You seem to be under the impression Laraval addresses only the first point, but I think that is not correct, see below.

The standard solution to those problems is writing SQL scripts with schema updates and data migrations for each step, and keeping those scripts in code! Do not (!) any schema updates by "tools like PHPMyAdmin", as you wrote in your comment - that will not become reproducible. Those SQL scripts should be embededded into some kind of host language or framework, so you can make them robust against out-of-order execution, repeated execution, or handle errors. And that is where tools like Laravel come into play.

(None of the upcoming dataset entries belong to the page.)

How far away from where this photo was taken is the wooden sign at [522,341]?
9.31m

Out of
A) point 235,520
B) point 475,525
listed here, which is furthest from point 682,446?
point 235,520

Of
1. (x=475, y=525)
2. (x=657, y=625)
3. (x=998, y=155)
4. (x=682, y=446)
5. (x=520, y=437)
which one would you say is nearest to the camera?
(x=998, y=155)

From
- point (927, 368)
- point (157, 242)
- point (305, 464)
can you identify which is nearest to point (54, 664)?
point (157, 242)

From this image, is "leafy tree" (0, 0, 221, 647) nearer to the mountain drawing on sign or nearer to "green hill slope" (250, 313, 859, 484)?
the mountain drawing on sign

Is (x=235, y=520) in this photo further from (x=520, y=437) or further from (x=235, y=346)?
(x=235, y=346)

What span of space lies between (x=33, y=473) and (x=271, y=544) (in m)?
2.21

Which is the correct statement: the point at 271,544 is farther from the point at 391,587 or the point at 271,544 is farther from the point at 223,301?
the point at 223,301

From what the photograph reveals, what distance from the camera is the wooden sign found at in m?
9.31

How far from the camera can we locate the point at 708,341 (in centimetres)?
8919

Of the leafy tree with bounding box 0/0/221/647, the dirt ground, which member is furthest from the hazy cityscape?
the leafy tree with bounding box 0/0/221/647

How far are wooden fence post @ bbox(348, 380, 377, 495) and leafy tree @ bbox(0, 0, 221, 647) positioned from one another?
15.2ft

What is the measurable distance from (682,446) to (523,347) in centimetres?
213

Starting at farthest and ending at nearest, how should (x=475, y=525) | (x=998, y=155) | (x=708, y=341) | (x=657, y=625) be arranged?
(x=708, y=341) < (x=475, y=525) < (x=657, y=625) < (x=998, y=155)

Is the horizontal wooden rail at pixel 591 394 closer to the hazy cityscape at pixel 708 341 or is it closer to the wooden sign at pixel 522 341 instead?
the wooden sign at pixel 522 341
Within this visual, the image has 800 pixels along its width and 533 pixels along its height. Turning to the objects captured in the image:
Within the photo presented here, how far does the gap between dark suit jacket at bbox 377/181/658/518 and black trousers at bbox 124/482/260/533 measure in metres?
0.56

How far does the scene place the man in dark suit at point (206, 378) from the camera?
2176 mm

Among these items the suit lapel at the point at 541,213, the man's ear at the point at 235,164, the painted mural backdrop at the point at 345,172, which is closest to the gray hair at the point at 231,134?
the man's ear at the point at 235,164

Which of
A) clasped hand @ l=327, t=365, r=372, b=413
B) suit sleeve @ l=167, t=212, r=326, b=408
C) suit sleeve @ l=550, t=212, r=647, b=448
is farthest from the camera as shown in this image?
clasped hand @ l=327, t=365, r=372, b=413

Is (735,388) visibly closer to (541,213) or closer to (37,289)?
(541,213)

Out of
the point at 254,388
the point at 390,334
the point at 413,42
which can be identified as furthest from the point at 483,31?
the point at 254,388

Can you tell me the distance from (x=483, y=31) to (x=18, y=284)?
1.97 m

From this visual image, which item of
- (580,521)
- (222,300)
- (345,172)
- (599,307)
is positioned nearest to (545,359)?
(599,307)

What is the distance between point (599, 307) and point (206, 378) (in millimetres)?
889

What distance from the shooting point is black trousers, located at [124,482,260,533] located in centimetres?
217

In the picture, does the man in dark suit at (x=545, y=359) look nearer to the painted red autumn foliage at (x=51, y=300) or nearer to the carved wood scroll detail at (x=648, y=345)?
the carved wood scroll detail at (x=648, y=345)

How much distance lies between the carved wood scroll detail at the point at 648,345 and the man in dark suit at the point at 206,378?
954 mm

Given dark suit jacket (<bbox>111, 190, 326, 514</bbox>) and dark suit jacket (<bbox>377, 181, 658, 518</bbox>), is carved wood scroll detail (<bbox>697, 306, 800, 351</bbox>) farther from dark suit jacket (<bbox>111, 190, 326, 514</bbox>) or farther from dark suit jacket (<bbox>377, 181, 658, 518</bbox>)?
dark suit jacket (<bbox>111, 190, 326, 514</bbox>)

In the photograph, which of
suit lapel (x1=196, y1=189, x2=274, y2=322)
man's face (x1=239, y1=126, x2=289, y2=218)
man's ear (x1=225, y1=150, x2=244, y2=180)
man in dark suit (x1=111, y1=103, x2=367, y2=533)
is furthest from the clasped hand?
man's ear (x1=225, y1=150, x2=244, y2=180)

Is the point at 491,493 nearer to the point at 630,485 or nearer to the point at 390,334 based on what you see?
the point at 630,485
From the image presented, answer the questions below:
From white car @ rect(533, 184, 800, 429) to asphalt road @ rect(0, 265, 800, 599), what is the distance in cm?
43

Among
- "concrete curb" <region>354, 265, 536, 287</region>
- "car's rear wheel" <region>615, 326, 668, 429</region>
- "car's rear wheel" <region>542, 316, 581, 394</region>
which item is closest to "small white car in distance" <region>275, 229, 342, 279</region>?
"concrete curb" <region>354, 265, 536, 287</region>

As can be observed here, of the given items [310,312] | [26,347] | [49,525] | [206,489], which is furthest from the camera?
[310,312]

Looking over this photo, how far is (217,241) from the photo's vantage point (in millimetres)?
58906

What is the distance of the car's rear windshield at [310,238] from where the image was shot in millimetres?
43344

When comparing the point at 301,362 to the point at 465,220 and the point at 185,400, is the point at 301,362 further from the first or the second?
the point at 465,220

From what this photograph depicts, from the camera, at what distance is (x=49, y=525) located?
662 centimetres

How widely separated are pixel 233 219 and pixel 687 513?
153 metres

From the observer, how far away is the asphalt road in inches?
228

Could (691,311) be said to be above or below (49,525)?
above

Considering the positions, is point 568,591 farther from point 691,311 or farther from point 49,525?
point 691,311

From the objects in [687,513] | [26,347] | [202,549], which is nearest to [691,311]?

By a short web search, I found this old SO post where it is demonstrated how Laravel migrations can be used to migrate the data as well. So your initial premise seems to be wrong, one can write migrations which actually keep the existing data or transform the data. Of course, one has to be careful when writing migrations, by not accidentally deleting a column with data (but that is not different with any other kind of hand-written SQL or host language).

Moreover, you have to be careful with the usage of schema rollbacks. For example, when you add a new column, it might be possible you cannot easily reverse that schema change after you added some data to that column and some referring data elsewhere in the db.

So if you want to use Laravel migrations, do this, but with care. I recommend to test the full sequence of migrations every time you added one on a small, backuped database first, before you distribute the changes among the whole team. Moreover, make sure that all of your databases which contain data you cannot get easily elsewhere, are included in your daily backups.